In today's marketplace, where short-term speculative gains seemingly are the sole concern, the fact that STI for years has performed below peer in most respects seems unworthy of mention. Yet despite this poor performance history, the market hype of a possible M&A transaction has been enough to push the market value of STI up sharply.
As of Friday's close, the MVE for STI was up more than 30% from year ago levels. At just over a 15 P/E, a mere 1.8x book, STI must still be reckoned a bargain -- right? Because STI's intangible assets now equal 5% of the total, the valuation is a bit richer than the nominal financials suggest.

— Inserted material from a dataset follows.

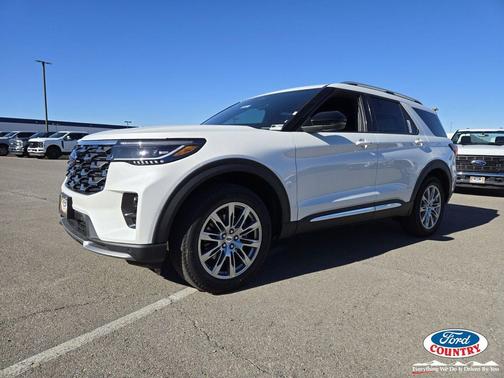 2026 Ford Explorer Platinum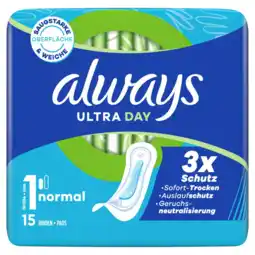 De Online Drogist Always Ultra Day Maandverband Normal aanbieding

In terms of ROA and ROE, for example, STI has been at or below peer for years, even during the high-tide of the mortgage market bubble. With an ROA of 1.1% and ROE of 11% for all of 2006, STI is well into the bottom half of the peer group. But the question remains: Is STI good value at these levels? An examination of the bank's key credit performance and business metrics suggests not.
STI's loss given default or LGD was 61% for 2006 and has been well below peer for the past several years, this after peaking around 90% in 2002 (along with the rest of the large bank peers), using public bank unit data from the FDIC and calculations by the IRA Bank Monitor. Likewise, STI's gross defaults have tracked consistently below peer and came in at a mere 21bp last year, the lowest level since 2000. Look at STI as well as its peers and it becomes clear, at least to us, that 2006 probably was the trough in terms of bank charge offs.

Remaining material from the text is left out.